_What this task involves_. The lines to copy run from the one containing "New balance 1906r" to the end of the listing. Please write them out exactly, minus the pictures.

_Given information_.

=== Begin Enclosure ===

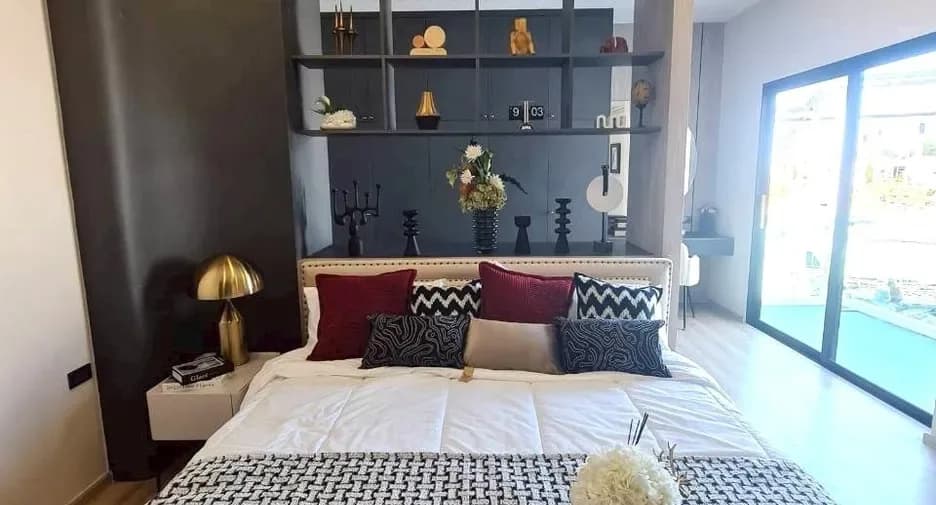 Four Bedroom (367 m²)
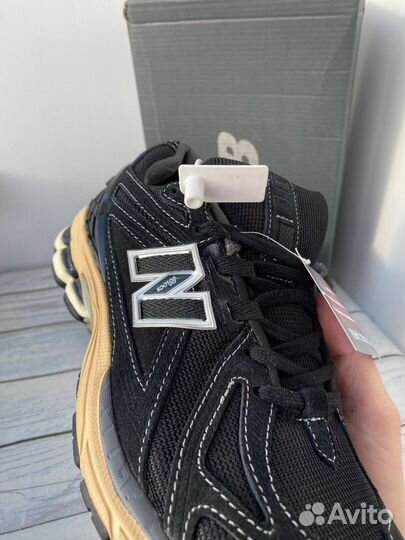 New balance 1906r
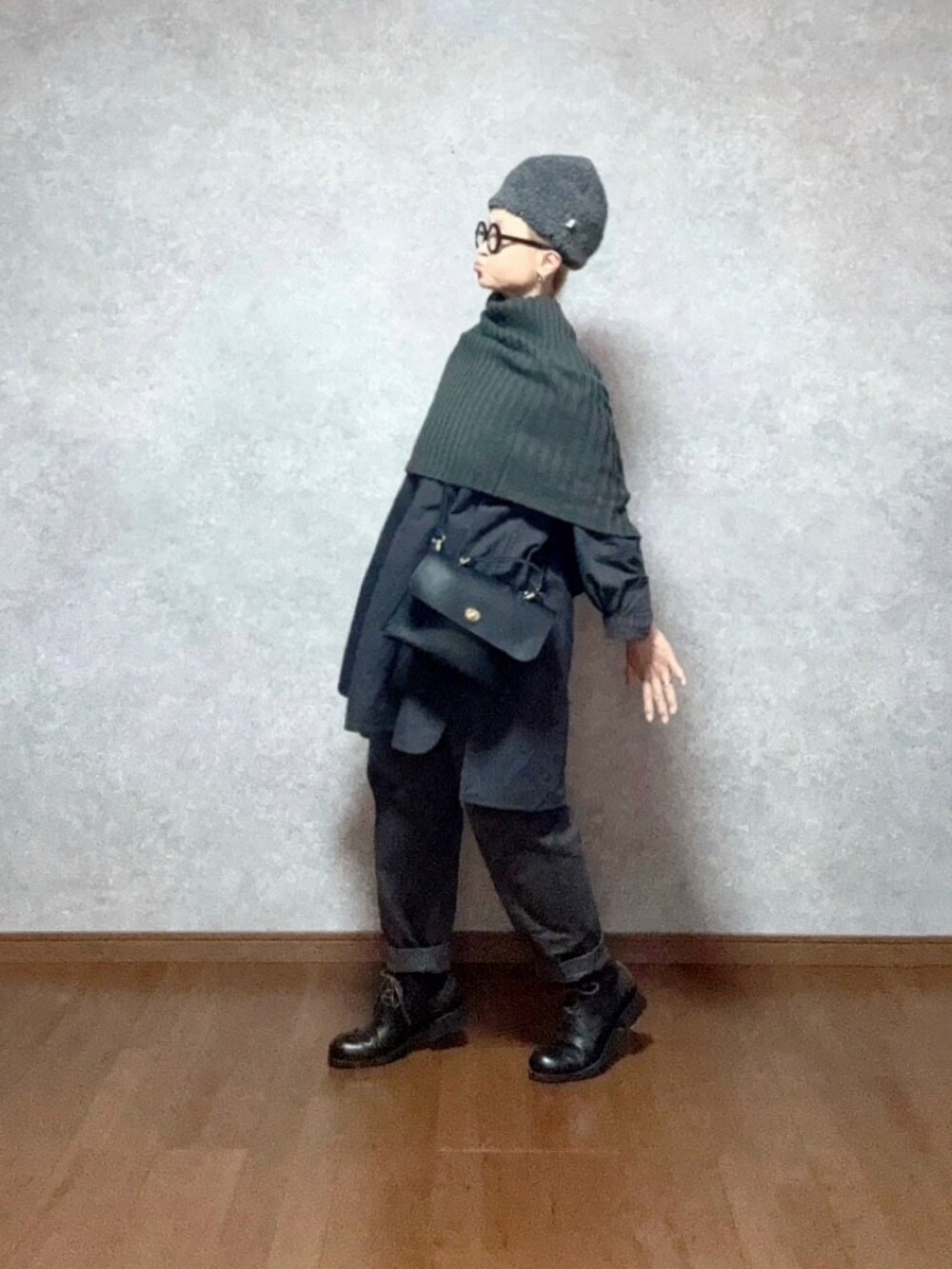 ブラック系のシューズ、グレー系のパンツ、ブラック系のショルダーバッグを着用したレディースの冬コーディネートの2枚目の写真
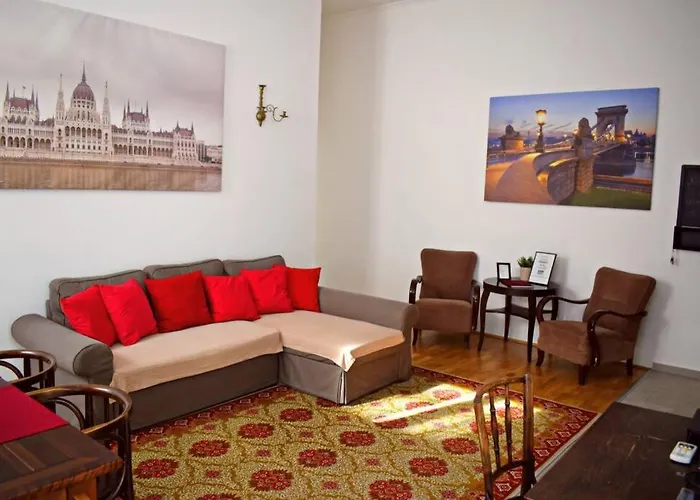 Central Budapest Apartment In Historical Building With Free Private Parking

=== End Enclosure ===

_Output of the exercise_.
 New balance 1906r
 ブラック系のシューズ、グレー系のパンツ、ブラック系のショルダーバッグを着用したレディースの冬コーディネートの2枚目の写真
 Central Budapest Apartment In Historical Building With Free Private Parking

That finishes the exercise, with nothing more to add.